SNR Benefits of Optimal Scalar Quantization

This code is provided as supplementary material of the lecture Quellencodierung.

This code illustrates

  • Uniform scalar quantization of audio files with midrise and midtread characteristic
  • Non-Uniform quantization with optimal Lloyd-Max Quantization
  • Illustration of the segmental SNR benefits

In [2]:
%matplotlib inline
import matplotlib.pyplot as plt
import numpy as np
import librosa
import librosa.display
import IPython.display as ipd

Load and display wave file


In [23]:
wave_filename = '../audio/33711__acclivity__excessiveexposure.wav'

x, sampling_rate = librosa.load(wave_filename)

Midrise quantization


In [24]:
# Sample to 5 bit ... 16 quantization levels
w = 5

# fix x_max based on the current signal, leave some room
x_max = np.max([np.max(x), -np.min(x)])
Delta_x = x_max / (2**(w-1))

xh_uniform_midrise = np.sign(x)*Delta_x*(np.floor(np.abs(x)/Delta_x)+0.5)
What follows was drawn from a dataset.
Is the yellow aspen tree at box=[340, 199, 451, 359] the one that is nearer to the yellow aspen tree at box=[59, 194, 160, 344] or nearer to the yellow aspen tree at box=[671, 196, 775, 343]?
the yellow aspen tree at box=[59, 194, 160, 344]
Compute segmental SNR (with $n_\mathsf{s} = 256$) $$ \textrm{segSNR}[k]\bigg|_{\mathrm{dB}} = 10\log_{10}\left(\frac{\sum_{i=1}^{n_s}(x[(k-1)n_{\mathsf{s}}+i])^2}{\sum_{i=1}^{n_s}(x[(k-1)n_{\mathsf{s}}+i]-\hat{x}[(k-1)n_{\mathsf{s}}+i])^2}\right) $$


In [25]:
# Compute SNR
noise = xh_uniform_midrise - x

# number of samples used for segmentation
seg_len = 256
segments = int(np.floor(len(x)/seg_len))

x_seg = np.reshape(x[0:segments*seg_len],(segments,seg_len))
xh_seg = np.reshape(xh_uniform_midrise[0:segments*seg_len],(segments,seg_len))
snr_uniform_midrise_seg = 10*np.log10(np.mean(np.square(x_seg),axis=1) / np.mean(np.square(xh_seg - x_seg),axis=1))
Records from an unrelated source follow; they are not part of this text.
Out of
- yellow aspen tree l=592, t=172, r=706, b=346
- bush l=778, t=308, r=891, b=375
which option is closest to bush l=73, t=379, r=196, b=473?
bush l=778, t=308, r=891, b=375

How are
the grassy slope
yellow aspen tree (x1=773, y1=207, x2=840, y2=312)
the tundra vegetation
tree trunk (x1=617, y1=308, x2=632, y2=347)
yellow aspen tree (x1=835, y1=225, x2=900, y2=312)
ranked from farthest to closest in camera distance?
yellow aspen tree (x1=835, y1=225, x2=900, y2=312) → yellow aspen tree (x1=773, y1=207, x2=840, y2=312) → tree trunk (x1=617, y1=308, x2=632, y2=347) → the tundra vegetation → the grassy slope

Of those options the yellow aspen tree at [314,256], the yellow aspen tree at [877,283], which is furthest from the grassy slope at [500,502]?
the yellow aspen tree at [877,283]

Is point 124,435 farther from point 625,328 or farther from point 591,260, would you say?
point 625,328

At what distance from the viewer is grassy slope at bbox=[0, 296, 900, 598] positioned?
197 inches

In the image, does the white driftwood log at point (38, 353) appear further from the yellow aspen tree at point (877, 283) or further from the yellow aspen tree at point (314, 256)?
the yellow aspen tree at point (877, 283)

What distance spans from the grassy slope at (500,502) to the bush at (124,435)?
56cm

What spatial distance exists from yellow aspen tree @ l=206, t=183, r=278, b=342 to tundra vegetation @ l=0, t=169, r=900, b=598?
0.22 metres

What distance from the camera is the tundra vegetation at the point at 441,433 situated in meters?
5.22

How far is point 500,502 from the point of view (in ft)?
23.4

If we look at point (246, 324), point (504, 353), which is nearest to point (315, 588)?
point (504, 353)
Uniform Quantization with Midtread Quantizer


In [26]:
# fix x_max based on the current signal, leave some room
x_max = np.max(x)
Delta_x = x_max / (2**(w-1))


xh_uniform_midtread = np.sign(x)*Delta_x*np.floor(np.abs(x)/Delta_x+0.5)

# saturate
xh_max = (2**(w-1)*Delta_x - Delta_x)
xh_min = -(xh_max + Delta_x)
xh_uniform_midtread[xh_uniform_midtread >= xh_max] = xh_max
xh_uniform_midtread[xh_uniform_midtread <= xh_min] = xh_min

In [27]:
# Compute SNR
noise = xh_uniform_midtread - x

x_seg = np.reshape(x[0:segments*seg_len],(segments,seg_len))
xh_seg = np.reshape(xh_uniform_midtread[0:segments*seg_len],(segments,seg_len))
snr_uniform_midtread_seg = 10*np.log10(np.mean(np.square(x_seg),axis=1) / np.mean(np.square(xh_seg - x_seg),axis=1))
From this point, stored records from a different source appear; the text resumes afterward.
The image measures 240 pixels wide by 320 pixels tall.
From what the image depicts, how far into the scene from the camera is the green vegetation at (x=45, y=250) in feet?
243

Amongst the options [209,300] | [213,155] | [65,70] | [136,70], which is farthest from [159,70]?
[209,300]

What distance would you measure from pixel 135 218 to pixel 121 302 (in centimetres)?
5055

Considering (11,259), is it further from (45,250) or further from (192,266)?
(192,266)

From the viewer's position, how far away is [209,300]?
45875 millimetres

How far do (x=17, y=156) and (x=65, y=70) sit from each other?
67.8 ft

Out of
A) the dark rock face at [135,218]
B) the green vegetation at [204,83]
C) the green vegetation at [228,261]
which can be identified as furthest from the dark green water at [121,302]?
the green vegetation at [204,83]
Optimal Quantization Using Lloyd-Max Quantizer

Compute the Lloyd-Max quantizer using the empirical distribution of the file. Also store the codebook after each iteration for visualization purposes. The Lloyd-Max algorithm applied to a signal $x[k]$ of length $n$ samples can be summarized as follows (see lecture notes).

  1. Generate initial codebook $\hat{\mathcal{X}} = \{\hat{x}_1,\ldots, \hat{x}_K\}$
  2. Calculate decision thresholds $x_i = \frac{\hat{x}_i+\hat{x}_{i+1}}{2}$, for $i=1,\ldots, K-1$
  3. Update quantizer representation levels (with $x_0 = -\infty$ and $x_K=\infty$) $$
    \hat{x}_i =         \frac{\sum_{k=1}^n x[k]\mathbb{1}_{\{x[k]\in[x_{i-1},x_i)\}}}{\sum_{k=1}^n \mathbb{1}_{\{x[k]\in[x_{i-1},x_i)\}}},  \qquad i=1,\ldots, K
    
    $$
  4. Go to step 2.) unless converged (i.e., all $\hat{x}_i$ do not change significantly during the iterations)

In [28]:
def Lloyd_Max_Quantizer(initial_cb, x):
    #large number for inifity
    lm_inf = 10*np.max([np.max(x), -np.min(x)])

    codebook = initial_cb.copy()

    codebooks = [codebook]
    iter = 0
    while True:
        thresholds = [-lm_inf] + [0.5*(codebook[t]+codebook[t+1]) for t in range(len(codebook)-1)] + [lm_inf]

        old_cb = codebook.copy()
        for k in range(len(codebook)):
            # new codebook center
            # find those samples that are in the quantization interval (indicator function)            
            samples = x[(x >= thresholds[k]) & (x < thresholds[k+1])]
            if len(samples)==0:
                continue
            codebook[k] = sum(samples)/len(samples)
       
        iter += 1        
    
        codebooks.append(codebook.copy())
        if np.max(np.abs([codebook[i] - old_cb[i] for i in range(len(codebook))])) < 1e-5:
            break
                
    # also return all intermediate codebooks for plotting evolution
    return codebooks,codebook
    
# carry out quantization based on arbitrary codebook
def quantize(codebook, x):
    #large number for inifity
    lm_inf = 10*np.max([np.max(x), -np.min(x)])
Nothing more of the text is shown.